Elle ne désarme pas pour autant et réussit à ouvrir, dès le 1er août 1893, un nouvel établissement beaucoup plus modeste, le café-concert de la Fourmi, installé dans ce qui était autrefois le bal du Grand Turc, sur le boulevard Barbès. On y donne des récitals mais aussi des revues. Citons : La Succession Robinet et Champagnol, compère malgré lui, en 1894, En chemise, en 1895 et Ding, ding, don ! en 1896. Malheureusement pour Zulma, le quartier est assez mal fréquenté, surtout la nuit car les « maisons publiques » se succèdent tout au long du boulevard, et en 1896, elle doit fermer son établissement.
Sans doute doit-elle encore se produire par-ci par-là car elle ne se retire de la scène qu’en 1902. Quelques années plus tard, à bout de force et de ressources, elle est admise dans la maison de retraite des artistes de Pont-aux-Dames 7 où elle n’est plus qu’une pensionnaire comme les autres, comme nous le prouve cette anecdote assez cruelle. Dans cette maison, elle retrouve un vieux cabot qui a été son souffleur à l’Ambigu et qui la nargue régulièrement : « Eh ! bien, elle y est, comme les autres ! (…) Alors, Mame Bouffar, vous avez rejoint les camarades ! ici, on est tous égaux ! Alors, Mme Bouffar, vous ne m’engueulerez plus ! Vous ne faites plus tant la maligne… » 8
Elle y meurt le 20 janvier 1909, au bout d’un an d’hospitalisation. Elle n’a que 68 ans.
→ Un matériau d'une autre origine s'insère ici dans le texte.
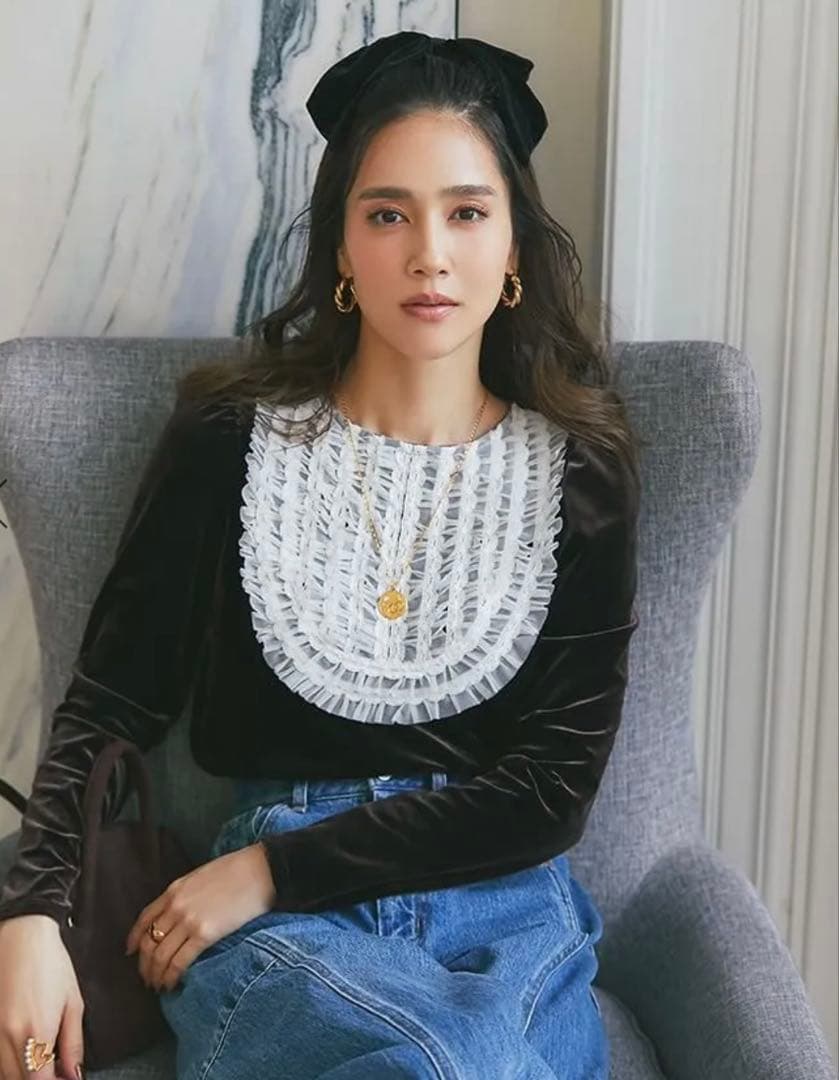 seventen by mihokawahito ⭐︎チュールフリルベロアトップス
On raconte qu’elle avait été pressentie, 35 ans plus tôt pour être la créatrice de la Carmen de Bizet, Meilhac et Halévy, les librettistes de l’ouvrage y étaient peut-être pour quelque chose, mais cela n’était sans doute qu’une plaisanterie. Revenons pour conclure à Alphonse Daudet qui, sensible à son charme, lui avait dédié ce quatrain, peut-être pas de la meilleure inspiration :
« Plus douce que le nénuphar
Dans l’eau claire, une aurore blanche
Baise ton pied de rose et ta hanche
Ivoirine, ô Zulma Bouffar. »
Bernard Crétel
1) Extrait d’un article paru dans le Larousse Mensuel Illustré de 1909, au moment de son décès.
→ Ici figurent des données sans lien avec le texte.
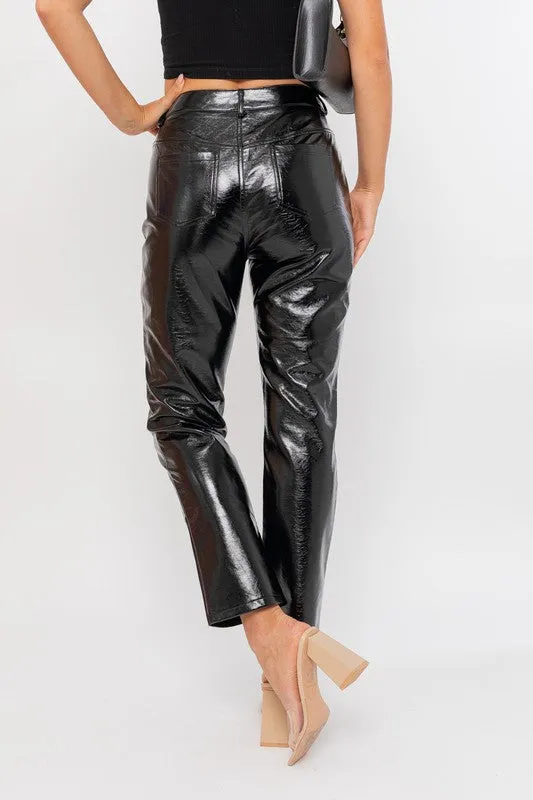 Shiny Gloss Faux Leather Pants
2) Adelina Patti (1843 – 1919) célèbre soprano qui connut de grands succès dans le répertoire italien et français. Son nom est cité par le baronne dans le trio du premier acte de La Vie parisienne comme interprète de Don Pasquale de Donizetti.
3) Marie Cico (1843 – 1875), comédienne et chanteuse qui fut la maîtresse d’Offenbach jusqu’en 1865, créa plusieurs ouvrages du compositeur : Orphée aux Enfers (1858), Geneviève de Brabant (1859), Daphnis et Chloé, Robinson Crusoé, Vert-Vert mais aussi Lalla-Roukh de Félicien David et Le Voyage en Chine de François Bazin.
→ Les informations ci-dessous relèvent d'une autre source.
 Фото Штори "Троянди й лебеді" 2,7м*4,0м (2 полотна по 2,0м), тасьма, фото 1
4) Par la suite, Zulma Bouffar fut remplacée dans le cœur du compositeur par Louise Valtesse de la Bigne, belle jeune femme blonde d’abord facile qui fit quelques apparitions aux Bouffes Parisiens, jusqu’à une intervention énergique de Mme Offenbach. On pourra consulter, à ce propos, la page 393 du livre de Jean-Claude Yon sur Offenbach (Gallimard, 2000).
5) Le Gascon (2 septembre 1873) et La Haine (3 décembre 1874).
6) cité par Henri de Curzon dans son ouvrage sur Delibes (chez Legouix, 1926). Voir aussi article sur la reprise de cet ouvrage dans Opérette n° 149 et n° 150.
7) Cette maison, fondée à Couilly Saint-Germain par Coquelin, qui fut le premier Cyrano de Bergerac, fut inaugurée en mai 1905.
8) Cité dans « Le théâtre anecdotique : petites histoires du théâtre » d’Eugène Héros, 1911.